Problem requirements — Exactly as they stand, copy the lines from the one containing "81785856 Room Essentials" to the final line of the data; leave out the pictures.

Collected data —
────────────────────

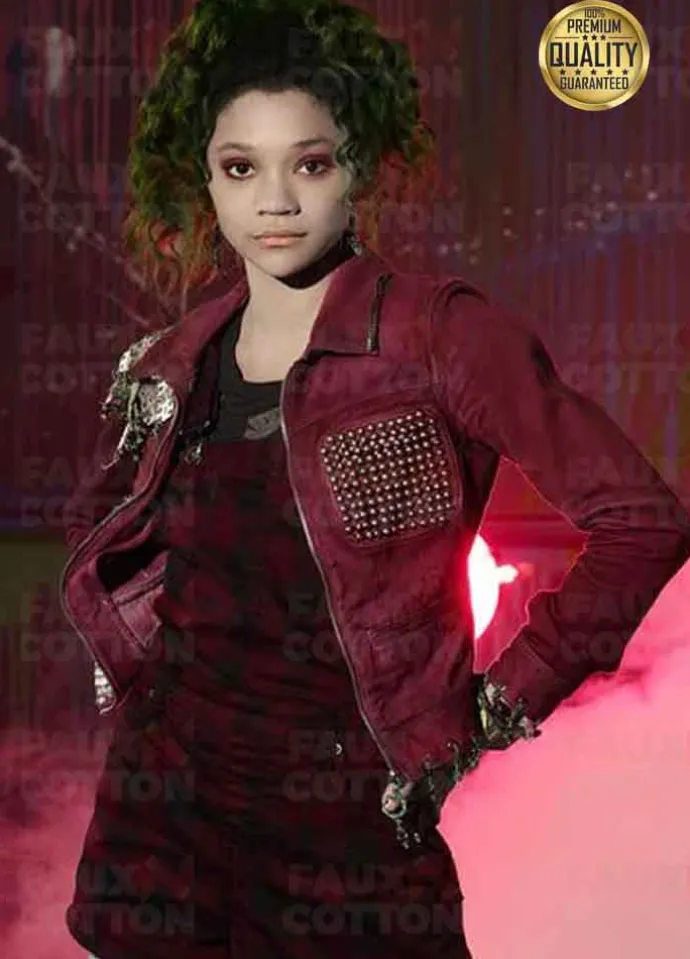 ELIZA KYLEE RUSSELL ZOMBIES 2 STUDDED JACKET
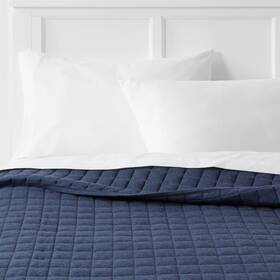 81785856 Room Essentials Twin/twin Extra Long Jersey Quilt Navy -
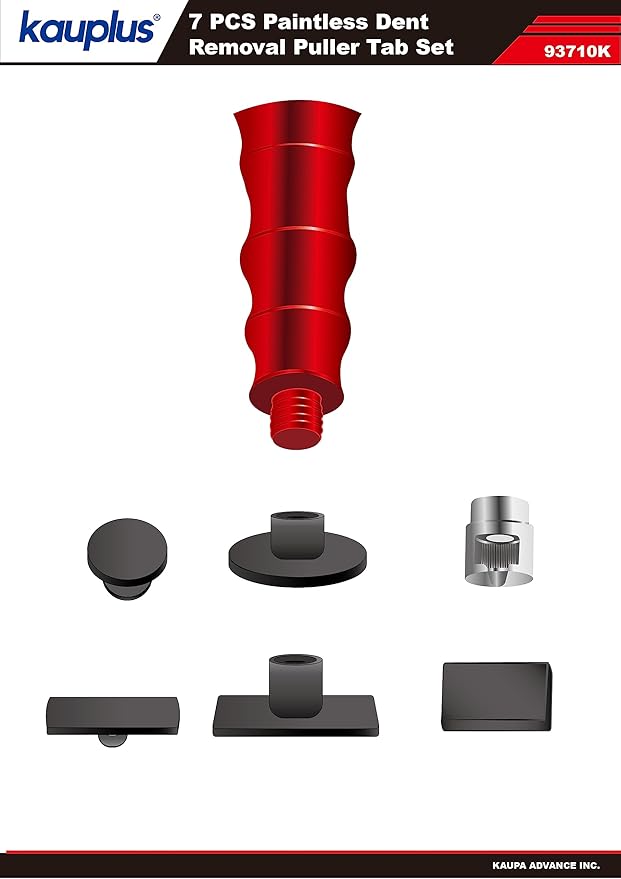7PCS Slide Hammer Dent Puller & Tab Kits Set, Auto Body Dent Removal Cold Glue Tab Kits
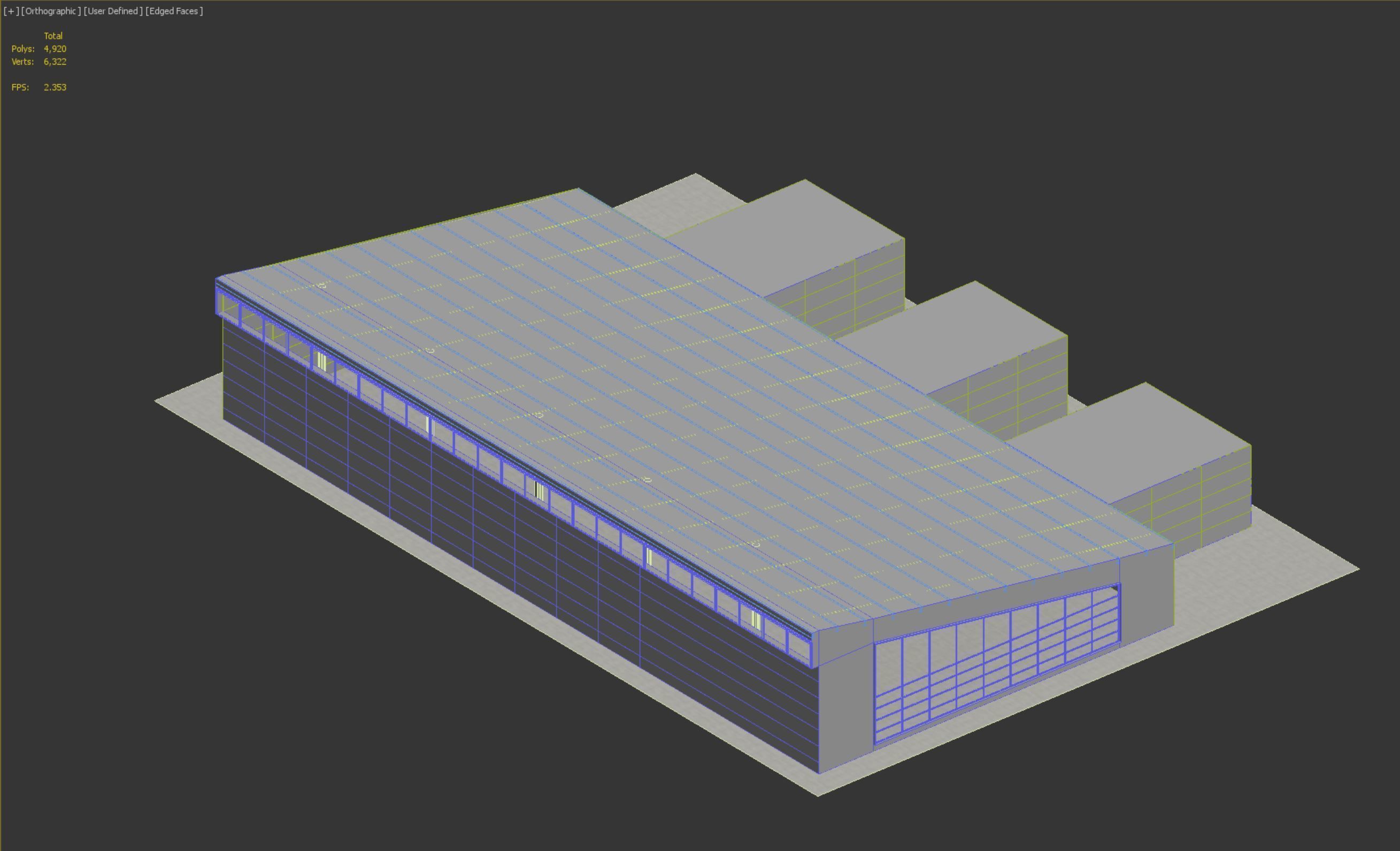 5 lowpoly interior hall vol 02 3D Model Collection_21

────────────────────

Output of the exercise —
 81785856 Room Essentials Twin/twin Extra Long Jersey Quilt Navy -
7PCS Slide Hammer Dent Puller & Tab Kits Set, Auto Body Dent Removal Cold Glue Tab Kits
 5 lowpoly interior hall vol 02 3D Model Collection_21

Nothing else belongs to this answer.